2015 Black Magnolia Pinot Noir, Willamette Valley, OR: It was with great delight, I received a request to review [sample alert]  the wine you see above. As you can see from the copyright, this is a borrowed image. My image, vanished from my phone, most likely the victim of an accidental delete, doh. That said Black Magnolia Wines was gracious enough to allow me to use this image, which I did edit a bit, for formatting. The bottle shot was taken by Brian Richardson. Now with those formalities out of the way, it's time to dive into this wine. This wine does not need decanting to show off its round, rich, enticing aromas and flavors, but as I always recommend, when in doubt, decant.

In the glass, a light-colored garnet, mostly transparent. Giving it a good swirl, the aromas rise easily from the glass, sandalwood, sweet baking spices, wet earth funk, and cranberry toast, so very aromatic. On the palate, the tannins are seamlessly integrated, this wine coats the mouth nicely, generously embracing. Taste-wise, generous amounts of cranberry, sweet strawberry, baking spice, orange tea, and damp earth. I would say this wine is more fruit-forward, less about the earth tones. The acid to fruit ratio is excellent, the finish long and sumptuous. Score: 93 points. Highly Recommended.
When I asked Anthony Van Nice Co-Founder of BMW about how they came up with the name of the wine, he answered, 

"The name evolved over a few glasses of wine. My wife is from the South and is found in magnolias. I wanted the name to describe the wine indirectly and magnolias are beautiful, fragrant, and velvety just like great pinot. There is no such thing as a black magnolia, at least there was not until now. We wanted it to evoke something new, a little dark, and intriguing." 

I really liked this answer, it's a great name. Coming up with a wine label, that sets you apart from the competition is not as easy as it sounds. The grapes pressed into service to deliver this fantastic juice, I hear come from some well-regarded acreage. You can expect to see many tasty vintages from this label in the future.  

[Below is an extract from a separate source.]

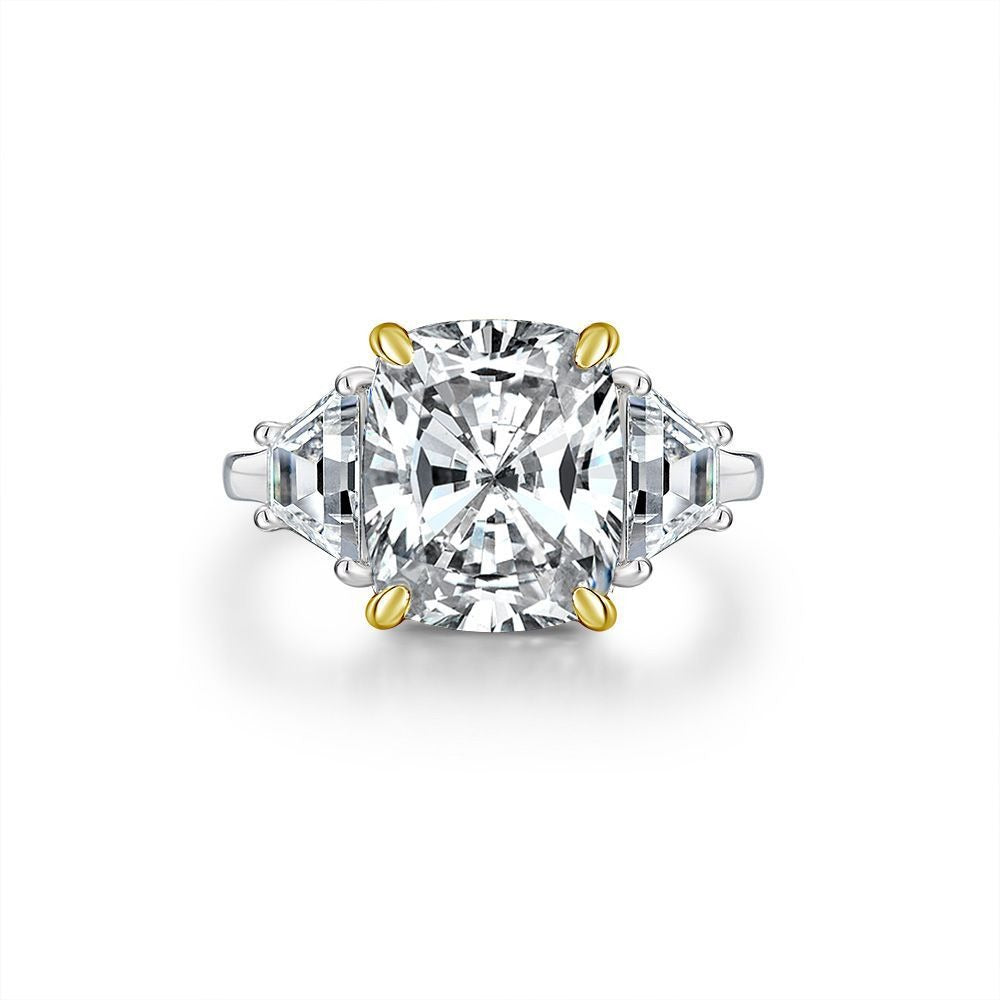 OliyaDesign 6-Carat High-Carbon Diamond 925 Silver Ring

At least two of the wines in this report are media samples, the others were acquired the old fashioned way, cold hard cash, earned by the sweat of my brow, don't you know. That said, keep in mind the reason behind this article is not because I was asked to do so by a PR company, not that that's a bad thing. I'm just doing a bit of virtue signaling, so you, dear reader can be assured of the fact, that I have no other motive than my love of the grape varietal Pinot Noir.


Rand Paul said…
Oh Bill, sensational and riveting reviews as always, thanks for the signal of virtue, not all heroes wear capes.